EXERCISE
With all images left out, restate the records below exactly as written.

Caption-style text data

=== Begin Enclosure ===

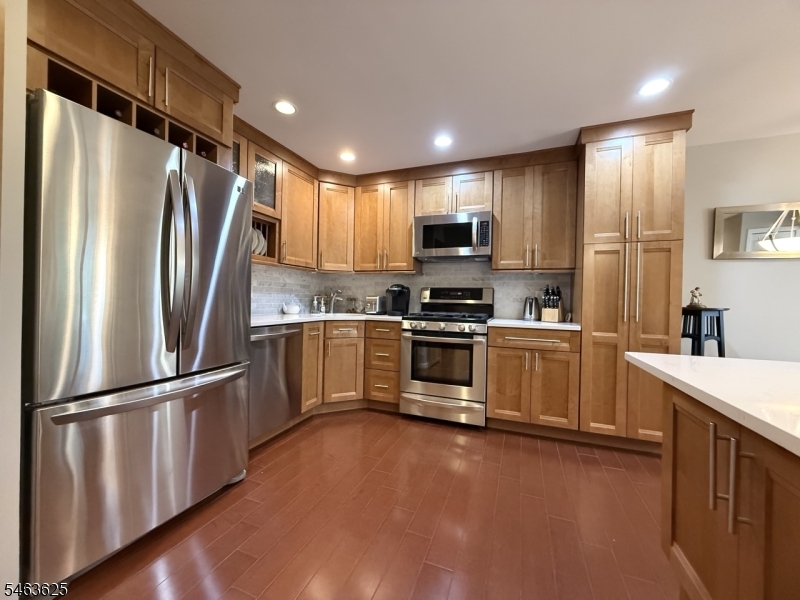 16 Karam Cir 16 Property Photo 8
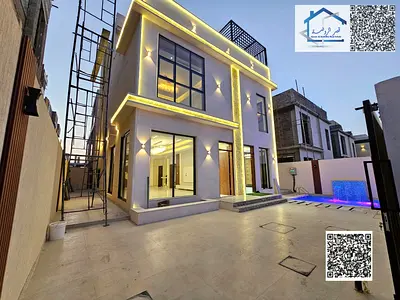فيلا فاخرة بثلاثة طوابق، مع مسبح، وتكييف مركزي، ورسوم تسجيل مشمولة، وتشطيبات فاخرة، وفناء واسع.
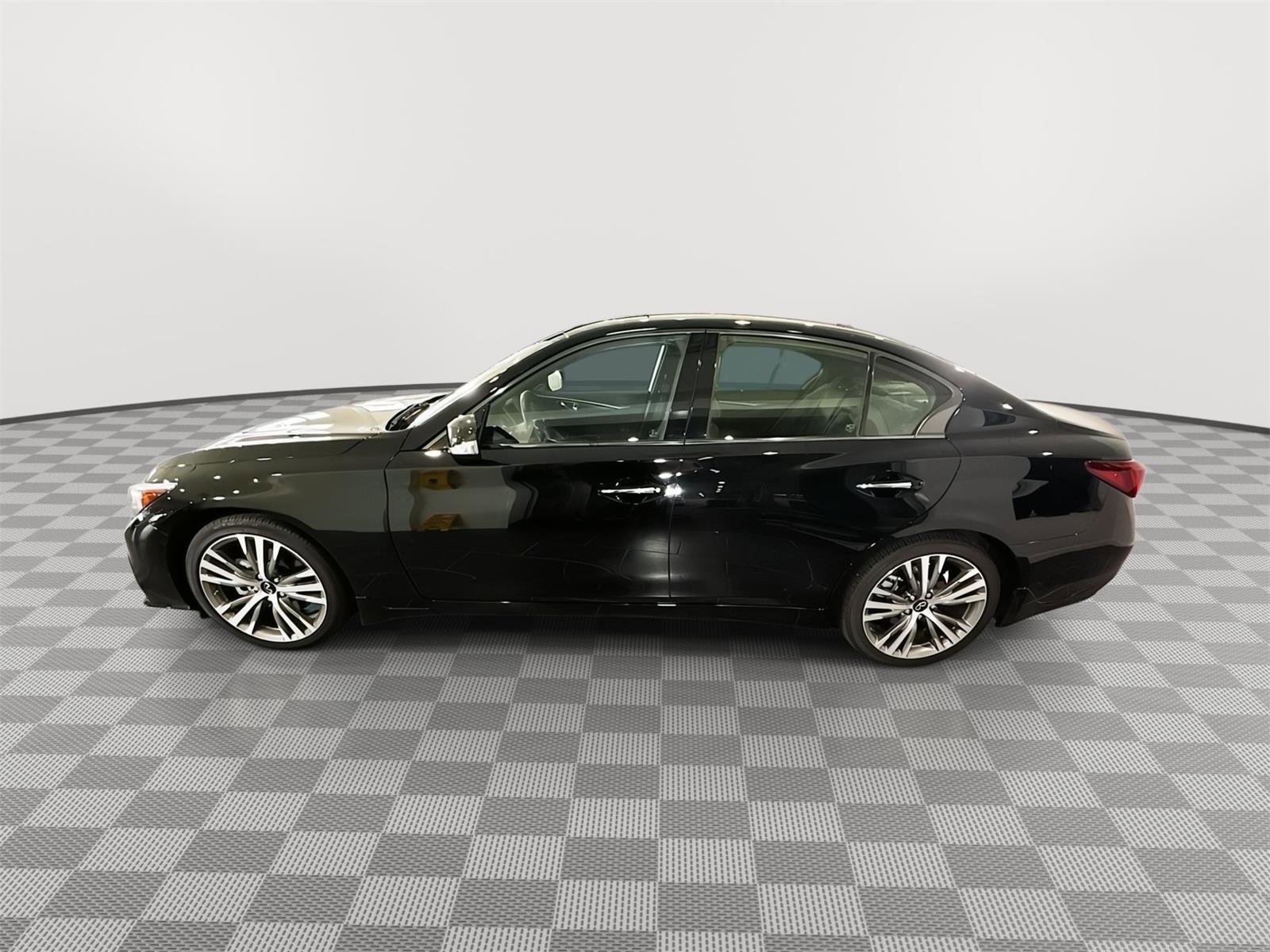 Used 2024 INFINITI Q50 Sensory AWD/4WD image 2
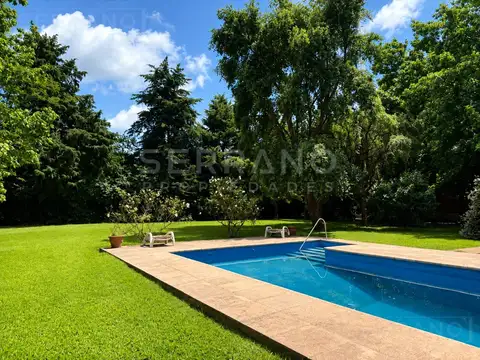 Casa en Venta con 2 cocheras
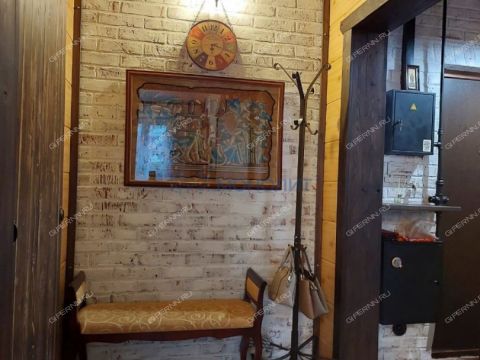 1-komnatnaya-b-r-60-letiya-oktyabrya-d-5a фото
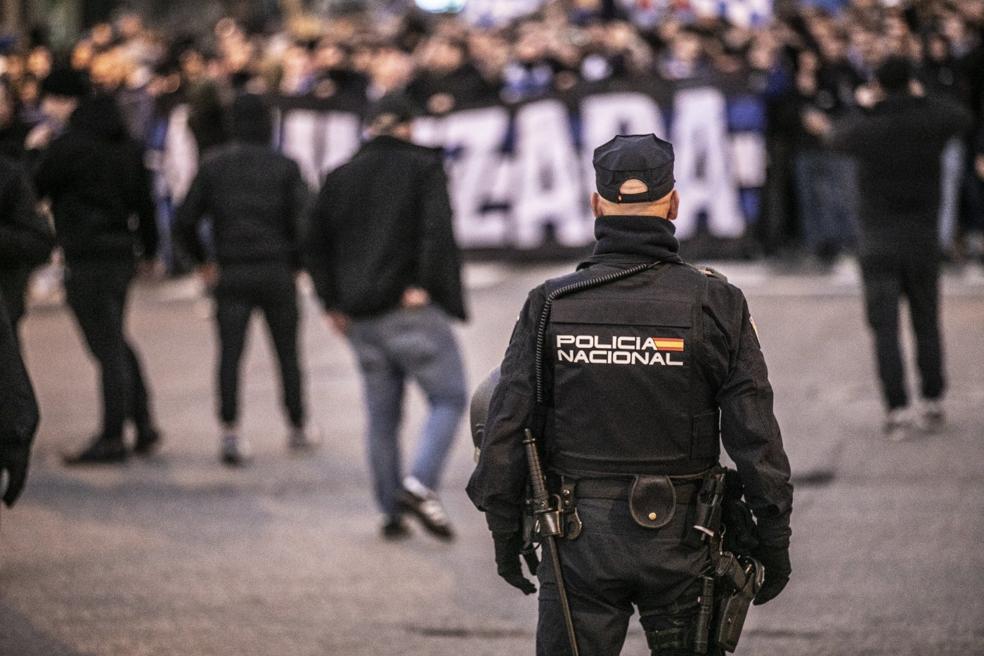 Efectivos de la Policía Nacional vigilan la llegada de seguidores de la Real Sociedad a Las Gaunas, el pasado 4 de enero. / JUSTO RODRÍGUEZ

=== End Enclosure ===

TASK ANSWER
 16 Karam Cir 16 Property Photo 8
فيلا فاخرة بثلاثة طوابق، مع مسبح، وتكييف مركزي، ورسوم تسجيل مشمولة، وتشطيبات فاخرة، وفناء واسع.
 Used 2024 INFINITI Q50 Sensory AWD/4WD image 2
 Casa en Venta con 2 cocheras
 1-komnatnaya-b-r-60-letiya-oktyabrya-d-5a фото
 Efectivos de la Policía Nacional vigilan la llegada de seguidores de la Real Sociedad a Las Gaunas, el pasado 4 de enero. / JUSTO RODRÍGUEZ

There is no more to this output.